座れない椅子、けなげな椅子
「骨」展の展示物のキャプションからふたつ。
家具の骨
良くデザインされた椅子は、すべての要素が人を支えるための構造であり、骨格とそれ以外の部分に分けることは難しいでしょう。しかしここでは、名作と言われる家具の座面や天板をはずして、構造体だけを展示してみました。これを見ると巨匠達がエレガントな構造を実現するために、細部に精妙な工夫を凝らしていることがとてもよくわかります。もはや座ってみることは出来ませんが、広く知られるものばかりですので、どこかで出会っているのではないでしょうか。
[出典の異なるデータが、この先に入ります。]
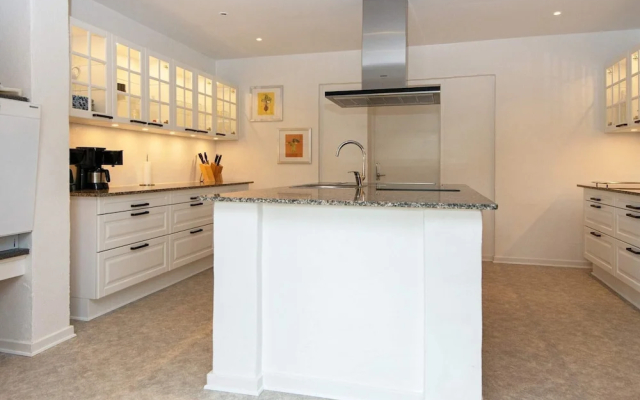 Luxury Retreat by Asbolholm - By Traum Ferienwohnungen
MONGOOSE STUDIO「Galvanic Frame」(写真)
椅子に座るとき、私たちはその椅子がどんな力に耐えているのかを意識することはあまりありません。しかし、椅子をできるだけ軽く、繊細に作りたいデザイナーにとっては、構造体のどこにどのような力がかかっているのかを知ることはとても重要です。Mongoose Studioのクリエーター達は、コンピュータを使って骨格に潜む力を推定し、光に置き換えました。もし椅子の骨格に、力がかかったことを感じ取る神経があったら、人が座るたびに節々が少し痛むでしょう。この光は、そんな椅子のけなげながんばりを表しています。